# HG changeset patch
# User alenail
# Date 1460648186 14400
# Node ID 84b62ddfec66cb172eb71ef270936e0b6b1c1652
Uploaded
diff -r 000000000000 -r 84b62ddfec66 pieplot_macs/pieplots_macs.py
--- /dev/null Thu Jan 01 00:00:00 1970 +0000
+++ b/pieplot_macs/pieplots_macs.py Thu Apr 14 11:36:26 2016 -0400
@@ -0,0 +1,127 @@
+'''
+ NAME
+
+ pieplots_macs.py
+
+ SYNOPSIS
+
+python pieplots_macs.py --genefile MACSoutfile_genes.txt --peakfile MACSoutfile_peaks.bed --outfile MACSdirectory/piechart.pdf
+
+
+ DESCRIPTION
+
+Peaks are assigned to the closest gene and then categorized according to their location at different genomic regions (promoter, intron, exon, or after the gene). Sites >10kb away from any gene are considered intergenic. (from Pamela)
+
+'''
+
+__author__='Renan Escalante'
+__email__='renanec@mit.edu'
+
+import pandas as pd
+import matplotlib
+matplotlib.use('pdf')
+from matplotlib import pyplot as plt
+matplotlib.rcParams['pdf.fonttype']=42
+matplotlib.rcParams['font.size']=14
+import sys
+from argparse import ArgumentParser
+
+def map_peaks(gene,peak,outfile,macsFlag):
+ genefile = open(gene, 'r')
+ peakfile = open(peak, 'r')
+
+ types = {'promoter':0, 'after':0, 'intron':0, 'exon': 0}
+
+ #read mapped gene file, store closest map for each peak
+ peaks={} #{chrom:{peakStart:[dist, type]}}
+ for line in genefile:
+ words = line.strip().split('\t')
+ #ignore first line
+ if words[0] == 'knownGeneID': continue
+ chrom = words[2]
+
+
+ if not macsFlag:
+ try:
+ start = int(words[3])
+ dist = abs(int(words[15]))
+ maptype = words[16]
+ if maptype == 'gene':
+ maptype = words[17]
+ except:
+ pass
+
+ else:
+ start = int(words[3])-1
+ dist = abs(int(words[12]))
+ maptype = words[14]
+ if maptype == 'gene':
+ maptype = words[15]
+
+
+ if chrom not in peaks:
+ #new chrom
+ peaks[chrom] = {start:[dist,maptype]}
+ else:
+ if start in peaks[chrom].keys():
+ #account for duplicate entries - choose closest gene and store type
+ if dist < peaks[chrom][start][0]:
+ #closer gene
+ peaks[chrom][start] = [dist, maptype]
+ else: peaks[chrom][start] = [dist, maptype]
+
+ #count types - 1 per peak in peak file
+ types = {'promoter':0, 'after':0, 'intron':0, 'exon': 0, 'inter': 0}
+ totalpks = 0
+ #Read peak file in bed format
+ for line in peakfile:
+ words = line.strip().split('\t')
+ chrom = words[0]
+ start = int(words[1])
+ if chrom in peaks:
+ if start in peaks[chrom]:
+ types[peaks[chrom][start][1]] += 1
+ else:
+ types['inter'] += 1
+ else:
+ types['inter'] += 1
+ totalpks += 1
+
+
+ #--------------------------------------------
+ # make a square figure and axes
+ #--------------------------------------------
+
+ fig = plt.figure(figsize=(6,6))
+ pie_ax = fig.add_axes((0.3,0.2,0.4,0.4))
+
+ # The slices will be ordered and plotted counter-clockwise.

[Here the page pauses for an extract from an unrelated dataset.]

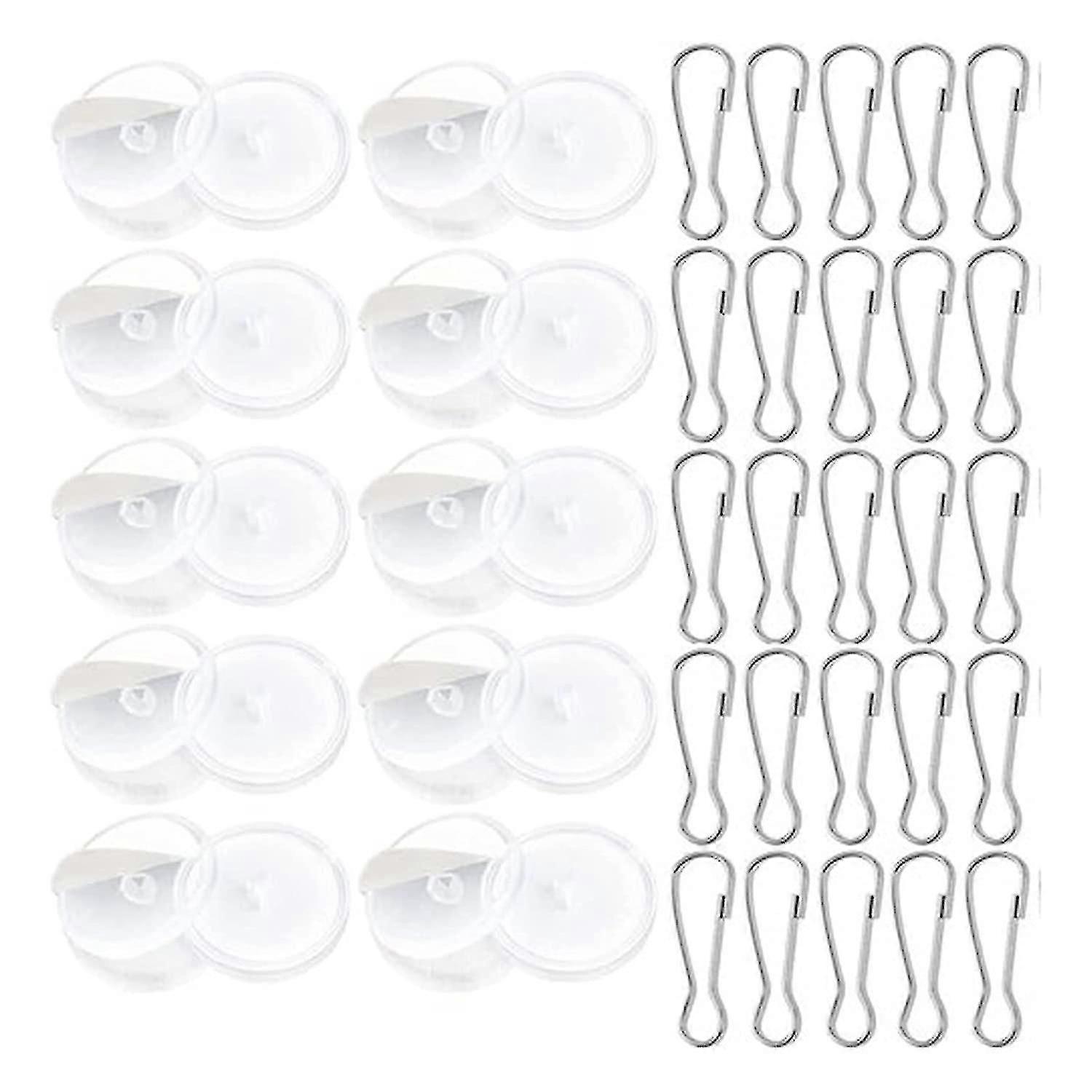 50+50 Self-Adhesive Ceiling Hooks & Flagpole Clips, Transparent Gift Pack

+ labels = ['exon: %i'%types['exon'],'intron: %i'%types['intron'],'promoter: %i'%types['promoter'],'intergenic: %i'%types['inter'], 'after: %i'%types['after']]

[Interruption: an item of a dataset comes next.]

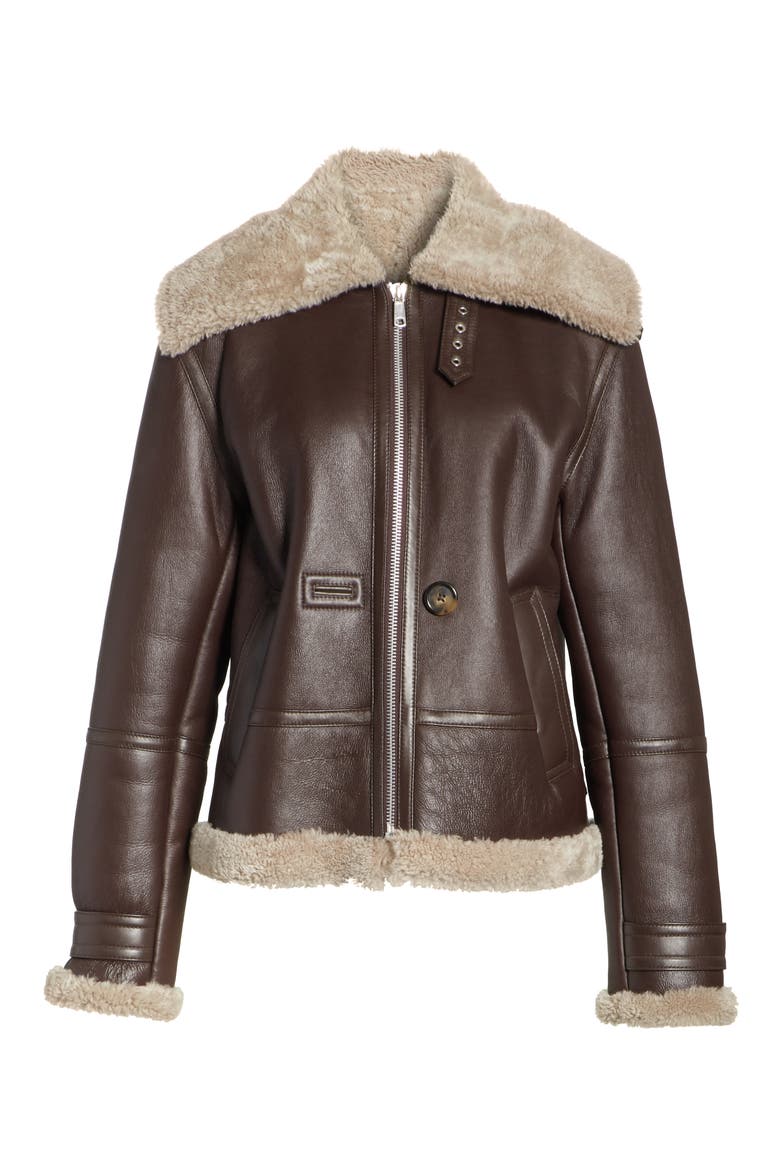 Genuine Shearling Aviator Jacket, Alternate, color, DARK WOOD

+ fracs = [types['exon'], types['intron'], types['promoter'], types['inter'], types['after']]
+
+ plt.pie(fracs, labels=labels) #, autopct='%1.1f%%')
+
+ #Export data frame with all the counts
+ indexDataFrame = ['exon','intron','promoter','intergenic','after']
+ df = pd.DataFrame(data=fracs, index=indexDataFrame)

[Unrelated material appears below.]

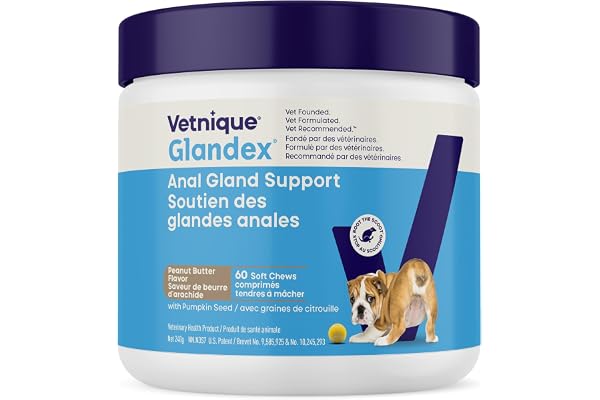Vetnique Glandex Anal Gland Soft Chews for Dogs, Anal Gland Support, Boot The Scoot Fibre Supplement with Pumpkin, Unique Fib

+ dfFileName = outfile.replace("pdf","csv")
+ df.to_csv(dfFileName, sep=',')
+ #plt.title('MACS peaks in %s'%(name))
+ plt.figtext(.5, .1, 'Total: %i'%totalpks, ha='center')
+ fig.savefig(outfile)
+
+def main():
+ usage = "usage: %prog --genefile MACSoutfile_genes.txt --peakfile MACSoutfile_peaks.bed --outfile MACSdirectory/piechart.pdf"
+ parser = ArgumentParser(usage)
+ parser.add_argument("--genefile", dest="genefile", help="Path to file MACS_mfold10,30_pval1e-5_genes.txt")
+ parser.add_argument("--peakfile", dest="peakfile", help="Path to file MACS_mfold10,30_pval1e-5_peaks.bed")
+ parser.add_argument("--outfile", dest="outfile", default="MACS_piechart.pdf", help="Path to pdf file where you want to store the piechart")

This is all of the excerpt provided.